Placement in residential care is approximately seven times as expensive as foster care. It is comparable with residential special school placement, although some may also attend day special school. Children receiving residential care (including specialist psychiatric care) in these settings may indeed be very similar populations, but with different lead agencies being identified as providers. The figures quoted for cost, although high, are likely to underestimate the true total cost of care as they ignore the costs incurred by the police, education welfare officers, special education needs assessment, child health services, and insurance losses, for example as a result of vehicle theft. There are currently no means of identifying residential care costs to these individual services. High costs will be justified if they meet the complex social, educational, and mental health needs of these young people in the short and medium term and lead to improved outcomes in the long term.
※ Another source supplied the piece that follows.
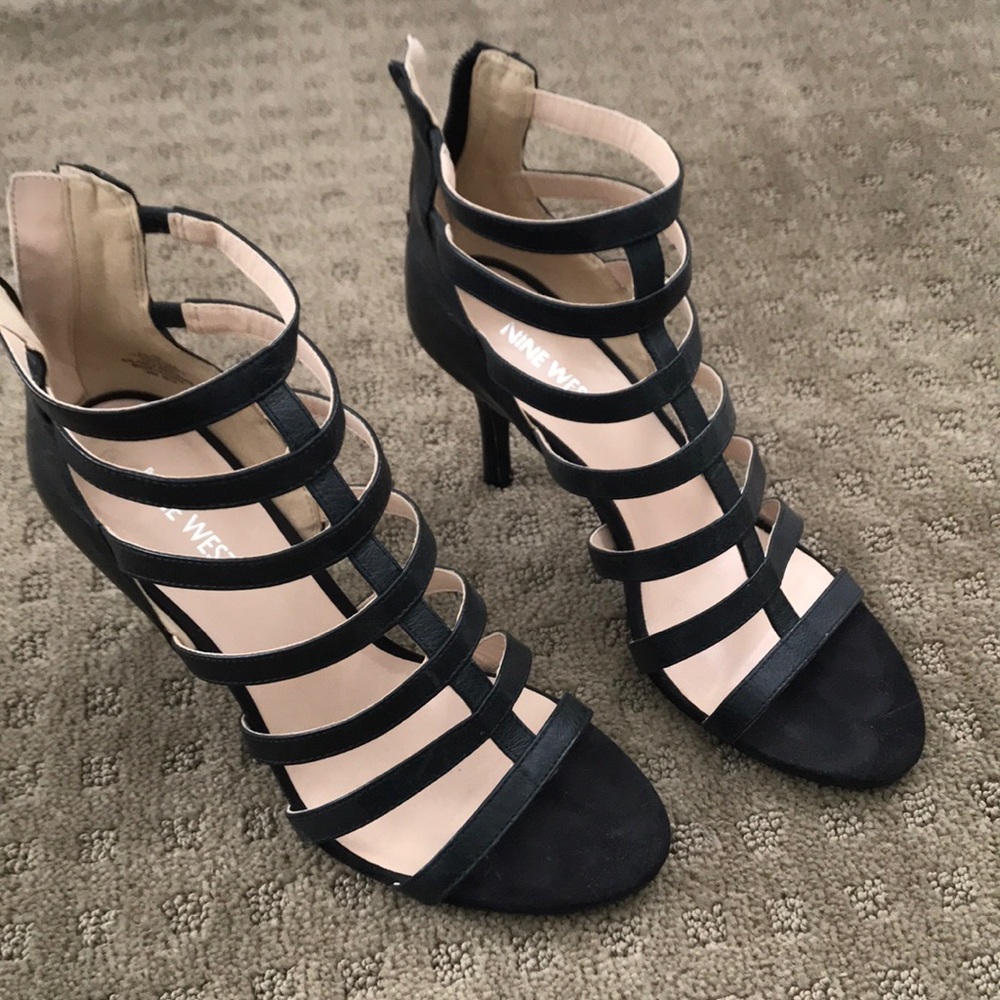 Nine West heels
The much needed trend towards adoption or placement of young people in foster care has resulted in fewer individuals requiring residential care.To meet the requirements of the 1989 Children Act, however,9 they have to be placed as near as possible to their former homes and social environment. In order to improve quality of care, a maximum of eight young people can be placed in each home. For these two reasons a critical number of residential care homes will always be required. Whatever the size, approximately 12 residential social workers are required to staff a shift system with two members of staff on site at all times. It is these staff costs that escalate the unit cost of residential care as the number of individuals requiring this service diminishes. Staff training and support are important additional costs that are vital to quality care.
Given the exceptionally high cost and relatively poor outcome of residential care, initiatives to increase the availability of foster parents are urgently needed. Studies of models of good practice and longitudinal data collection to identify positive as well as negative outcomes and trends are also required. Efforts to expand fostering must include recruitment and appropriate training of specialist foster carers, increased provision of support for foster parents, and improved monitoring of the care plans for those in foster care. Earlier intervention to support families of children in need should decrease the numbers of looked after children who require such intensive and specialised services.8 The strategies for prevention in Health of the Nation, for example in prevention of coronary artery disease rather than meeting the high costs of treatment where cure is not possible, should influence our policies for this group of children in need.1 Joint children’s service plans,2which have been mandatory for local authorities in England since March 1996, could provide an agreed joint strategy for children that are looked after, with interagency teams as providers of the specialist support that is required for young people and their carers.4
Tony Dewhurst is employed by Nottinghamshire Social Services. None of the authors has any conflict of interest.